**Problem to work on**
Among the entries below, one line contains "Fresh onions. On table photo" and another contains "Signalétique du Festival". Transcribe those two lines and every line between them, exactly.
Data below:
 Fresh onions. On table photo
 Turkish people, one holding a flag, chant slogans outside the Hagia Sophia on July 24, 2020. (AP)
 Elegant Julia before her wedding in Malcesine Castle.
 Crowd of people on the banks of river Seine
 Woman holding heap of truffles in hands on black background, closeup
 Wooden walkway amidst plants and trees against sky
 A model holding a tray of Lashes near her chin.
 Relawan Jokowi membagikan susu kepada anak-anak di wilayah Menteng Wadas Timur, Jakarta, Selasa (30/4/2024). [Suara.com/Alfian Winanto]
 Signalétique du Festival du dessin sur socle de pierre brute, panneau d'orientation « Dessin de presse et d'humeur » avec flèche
End of Data.
Data below:
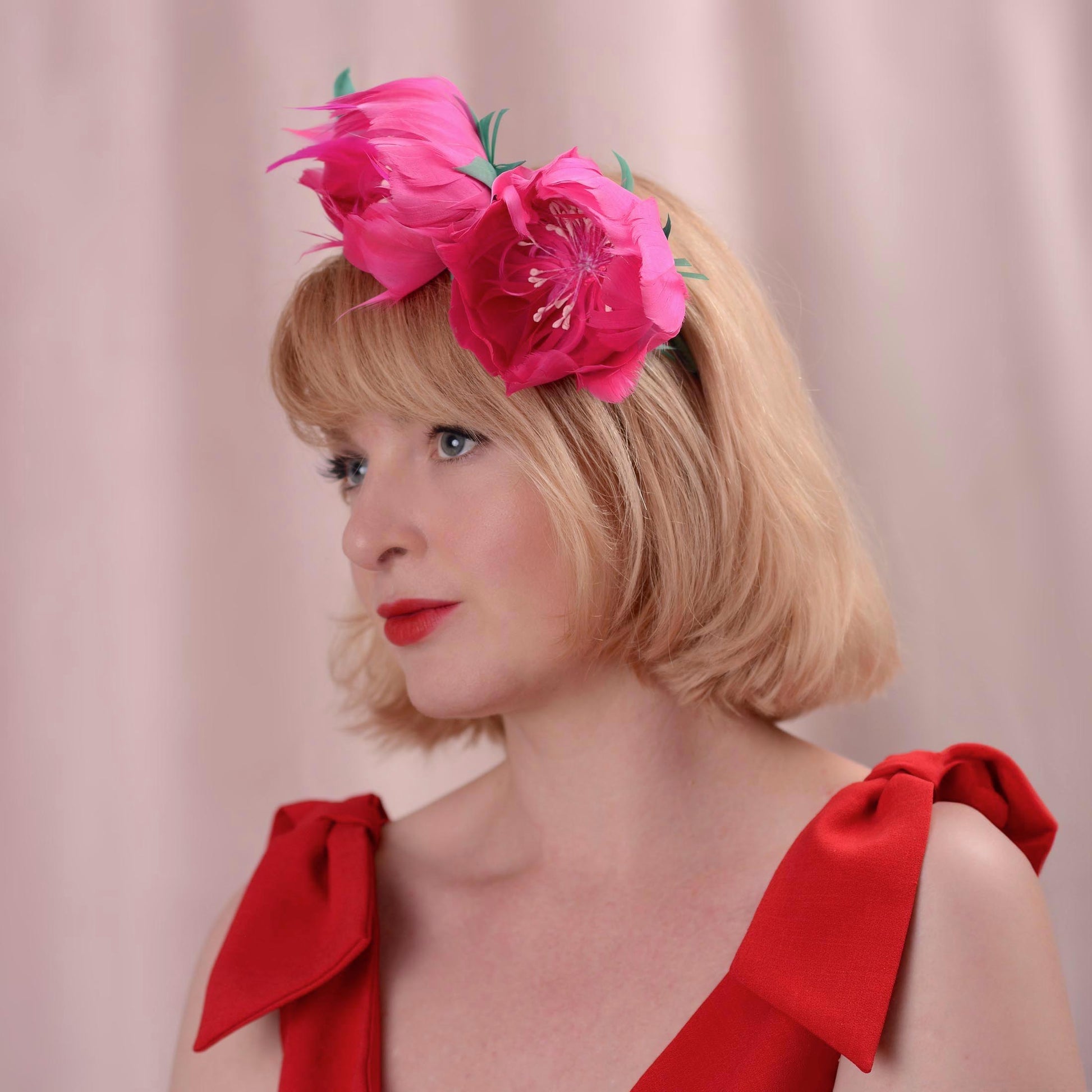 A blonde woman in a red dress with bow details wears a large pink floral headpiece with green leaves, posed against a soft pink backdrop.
End of Data.
Data below:
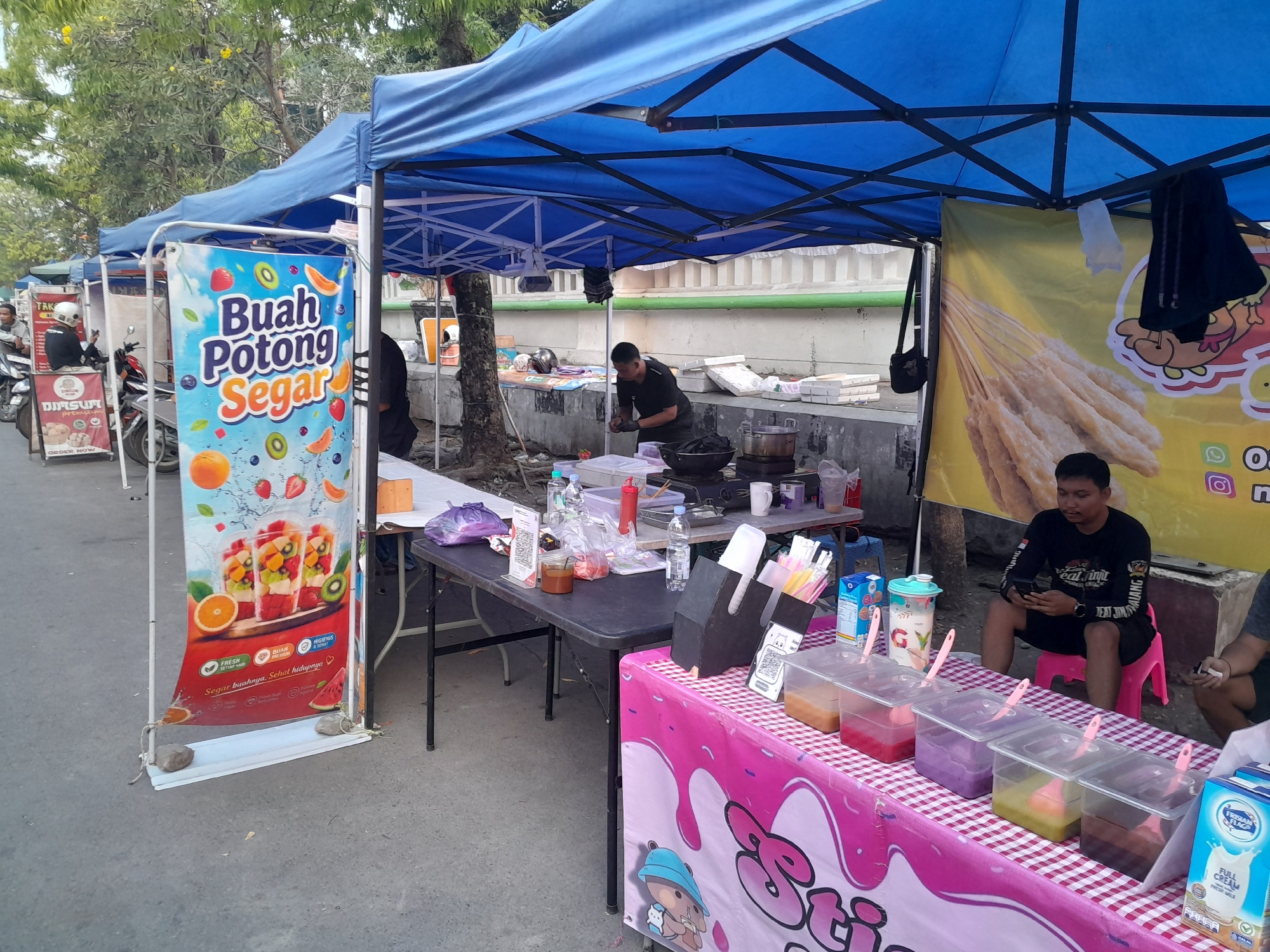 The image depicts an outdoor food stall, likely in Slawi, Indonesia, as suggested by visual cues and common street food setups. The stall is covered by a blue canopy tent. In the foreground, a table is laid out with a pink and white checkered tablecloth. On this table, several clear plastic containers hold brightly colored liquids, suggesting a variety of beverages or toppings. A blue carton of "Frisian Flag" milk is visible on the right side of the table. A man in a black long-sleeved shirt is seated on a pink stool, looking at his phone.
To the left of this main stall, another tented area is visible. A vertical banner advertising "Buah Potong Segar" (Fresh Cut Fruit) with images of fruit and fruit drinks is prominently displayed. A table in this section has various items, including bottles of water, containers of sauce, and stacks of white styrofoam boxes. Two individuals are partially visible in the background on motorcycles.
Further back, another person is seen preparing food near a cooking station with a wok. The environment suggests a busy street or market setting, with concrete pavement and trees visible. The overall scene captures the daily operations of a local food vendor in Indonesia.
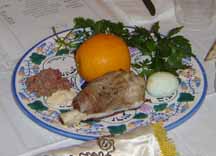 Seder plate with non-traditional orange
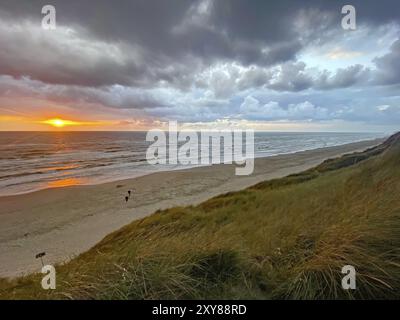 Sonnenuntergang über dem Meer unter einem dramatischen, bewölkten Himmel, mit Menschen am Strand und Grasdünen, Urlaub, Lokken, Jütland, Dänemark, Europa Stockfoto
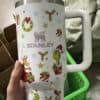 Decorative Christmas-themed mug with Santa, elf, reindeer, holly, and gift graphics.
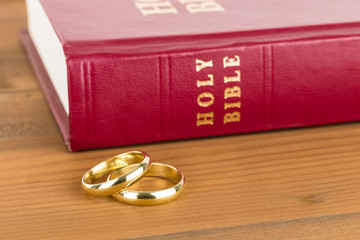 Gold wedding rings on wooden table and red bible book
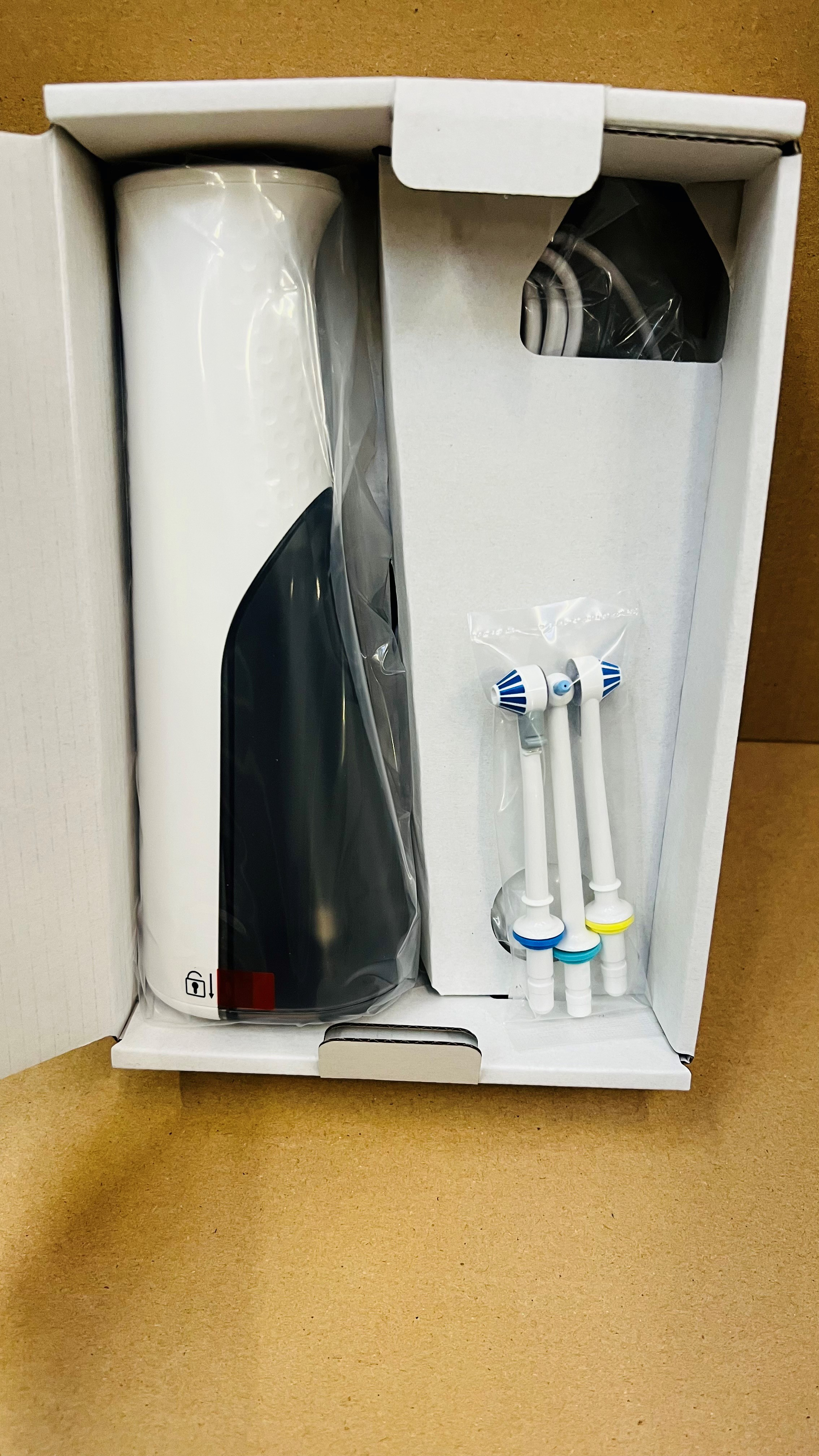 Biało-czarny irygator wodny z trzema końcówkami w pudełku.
End of Data.
**Solution to the exercise**
 Fresh onions. On table photo
 Turkish people, one holding a flag, chant slogans outside the Hagia Sophia on July 24, 2020. (AP)
 Elegant Julia before her wedding in Malcesine Castle.
 Crowd of people on the banks of river Seine
 Woman holding heap of truffles in hands on black background, closeup
 Wooden walkway amidst plants and trees against sky
 A model holding a tray of Lashes near her chin.
 Relawan Jokowi membagikan susu kepada anak-anak di wilayah Menteng Wadas Timur, Jakarta, Selasa (30/4/2024). [Suara.com/Alfian Winanto]
 Signalétique du Festival du dessin sur socle de pierre brute, panneau d'orientation « Dessin de presse et d'humeur » avec flèche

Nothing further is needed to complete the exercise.